■ Aim of the exercise ■
From the line that holds "Sheer Slit Hooded" down to the last line of the listing below, reproduce each line exactly and nothing more, omitting pictures.

■ The data ■
+++++

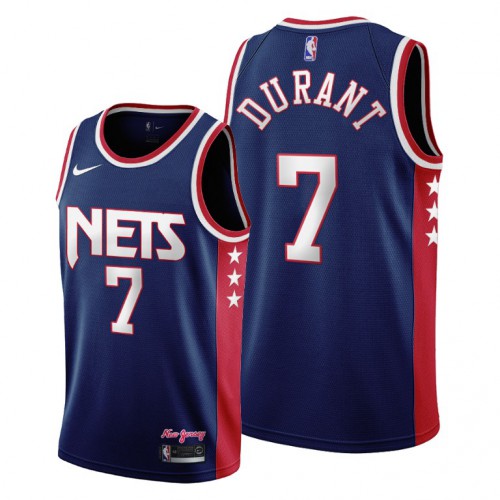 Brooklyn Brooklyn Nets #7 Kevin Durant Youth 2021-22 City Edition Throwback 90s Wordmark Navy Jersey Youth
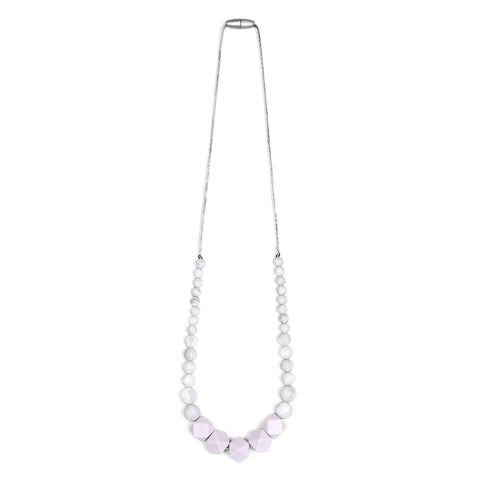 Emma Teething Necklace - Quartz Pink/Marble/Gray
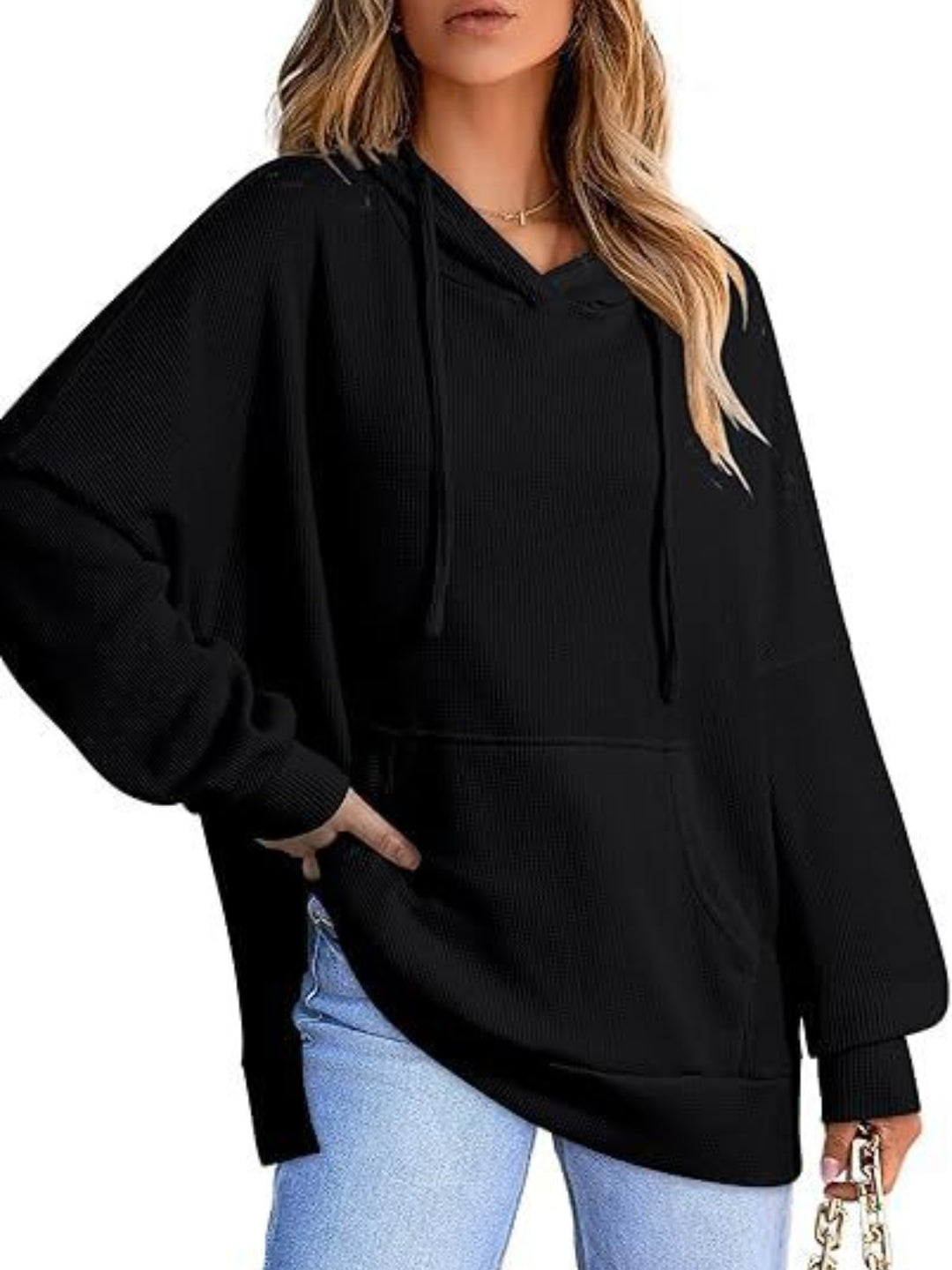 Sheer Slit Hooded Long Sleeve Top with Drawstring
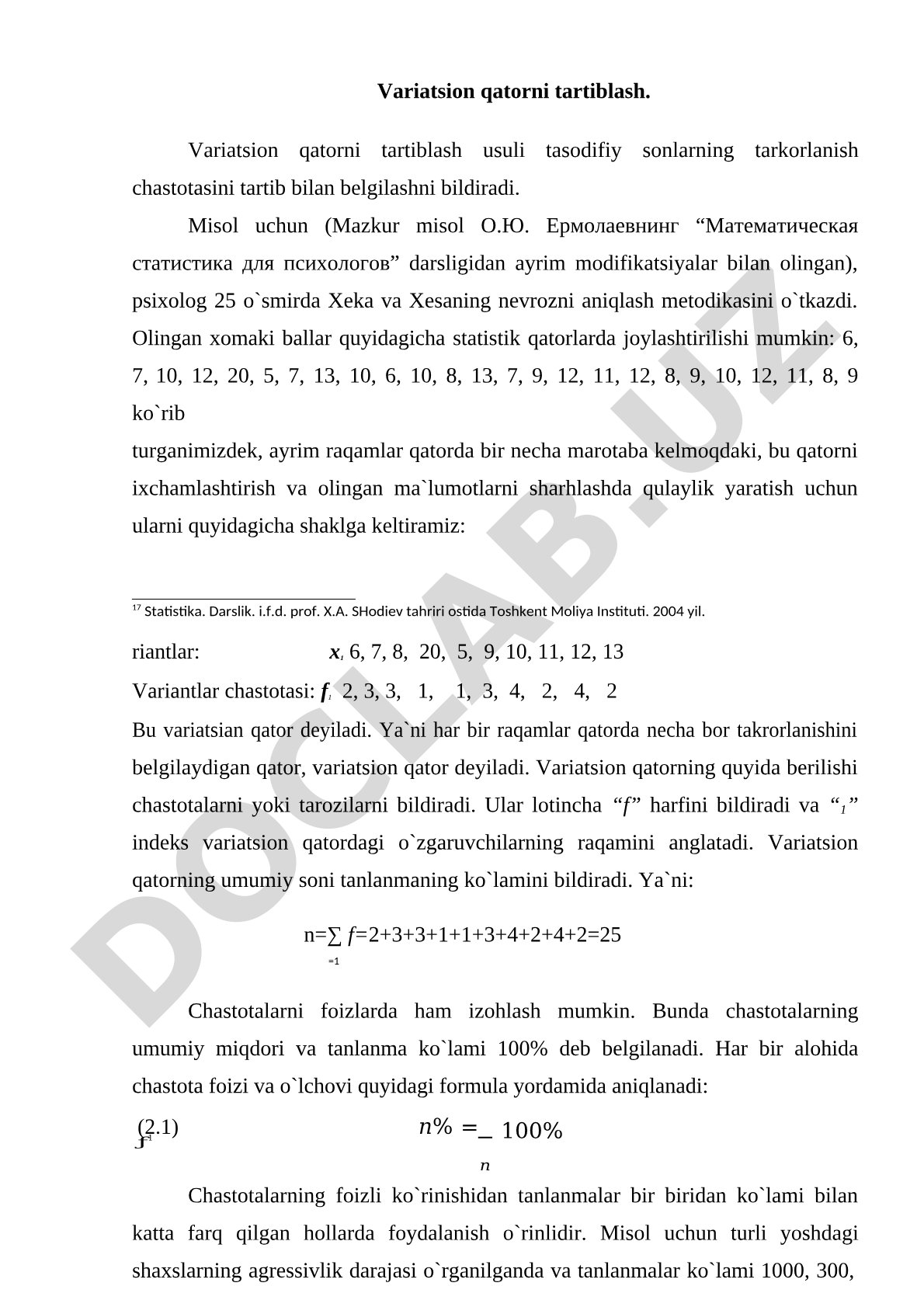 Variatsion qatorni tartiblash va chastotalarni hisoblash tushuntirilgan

+++++

■ Finished exercise ■
 Sheer Slit Hooded Long Sleeve Top with Drawstring
 Variatsion qatorni tartiblash va chastotalarni hisoblash tushuntirilgan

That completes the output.